四季折々の花が咲き誇り、中央には美しい噴水が煌めいている。鳥のさえずりが心地よく響き渡るその場所は、格式高い貴族たちの社交の場としても名高かった。
「これがお前の縁談相手、ミシャール伯爵家のエミリア嬢だ」
父ダニエルが、優雅に立つ女性を示す。
「初めまして、エドガー様」
エミリアは静かに微笑みながら、上品に挨拶をした。その姿を見た瞬間、エドガーの動きが一瞬止まる。
(に、似ている……ヴィエナに……)
エミリアはヴィエナと同じ金髪を持ち、透き通るような青い瞳をしていた。顔までヴィエナにどこか似ている。

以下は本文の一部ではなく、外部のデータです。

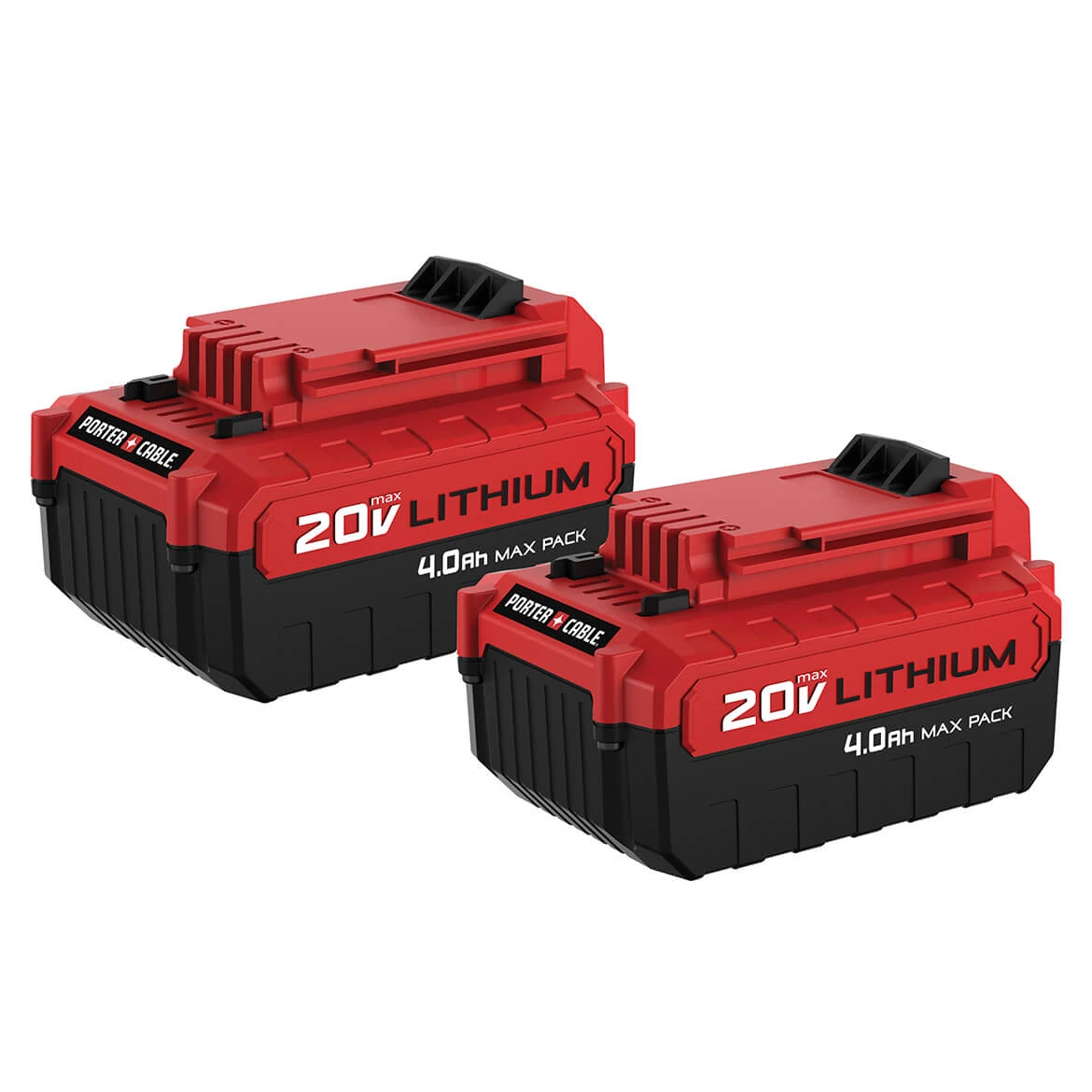 Porter-Cable Porter Cable PCC685LP 20-Volt 4.0Ah MAX Lithium-Ion Battery Pack - 2pk Tools & Equipment 3 Porter-Cable Porter Cable PCC685LP 20-Volt 4.0Ah MAX Lithium-Ion Battery Pack - 2pk Tools & Equipment
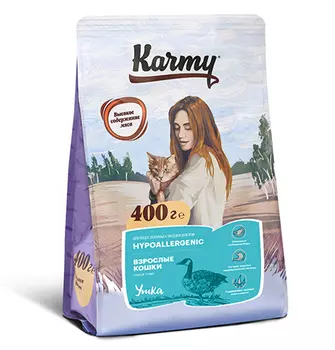 Karmy Hypoallergenic / Сухой корм Карми для кошек Гипоаллергенный Утка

そして彼女の笑顔には、どこか儚げな美しさがあった。さらに、細い体躯と落ち着いた立ち居振る舞いが、ヴィエナの姿と重なって見える。
(まるでヴィエナのようだ……)
エドガーは無意識に、目の前の女性をまじまじと見つめてしまっていた。
「……どうかされましたか?」
エミリアが不思議そうに首を傾げる。
「いえ、ちょっと考え事を……」
エドガーは慌てて視線を逸らした。
「エドガー様はお忙しいとお聞きしてますから」
エミリアは微笑みながら、静かにティーカップを持ち上げた。
「実は、エドガー様との縁談のお話を聞いたとき、とても嬉しくて、思わず倒れそうになりましたの」
「え?」
「ミシャール家は大きな家柄ではありません。そんな私に、エドガー様のような方とのご縁があるなんて、夢のようです」
彼女は恥ずかしそうに微笑みながら、そっと目を伏せた。
「私なんかで、本当に良いのでしょうか?」
エドガーは、彼女の言葉に答えられずにいた。
(ヴィエナの事が忘れられないなんて言えない。それに、こんな中途半端な気持ちで、エミリアと向き合うのは申し訳ない……)
ヴィエナへの想いが、まだ完全に消えたわけではない。
それでも、エミリアは目の前で、彼を受け入れる準備をしている。
「エドガー様は、どのような女性が好みですか?」
不意に投げかけられた問いに、エドガーは少し戸惑った。
「え、えーっと……そうだな。強くて、献身的に支えてくれる女性、かな」
「まあ……」
エミリアはぱっと顔を輝かせた。
「なら、私もエドガー様を支えられる、強くて綺麗な女性になれるよう努力いたしますね」
(……ヴィエナと違って、よく笑う女性だ)
ヴィエナは普段、あまり感情を表に出さない。冷静で聡明で、無邪気に笑うことは少なかった。
(ヴィエナは、自分の目標に向かって進んでいる)
彼女は領地を守るため、商業の発展に力を尽くしている。
(自分だけが、ヴィエナのことばかり考えて、進まないわけにはいかない)
エドガーは静かに息を吸い込み、目の前のエミリアをまっすぐに見つめた。
「……そろそろ、僕も前に進もう」
決意を込めて、エドガーはゆっくりと口を開く。
「エミリア嬢」
「はい」
エミリアが期待に満ちた瞳でエドガーを見つめる。
「これから、よろしくお願いします」
エミリアの表情がぱっと明るくなり、心からの微笑みを浮かべた。
お茶会の庭には、春の柔らかな風が吹き抜ける。
エドガーは窓の外の空を見上げ、微笑んだ。
(もう、いいんだ。この美しい女性を僕は大切にする)
――これは、彼が新たな未来を歩み始める第一歩だった。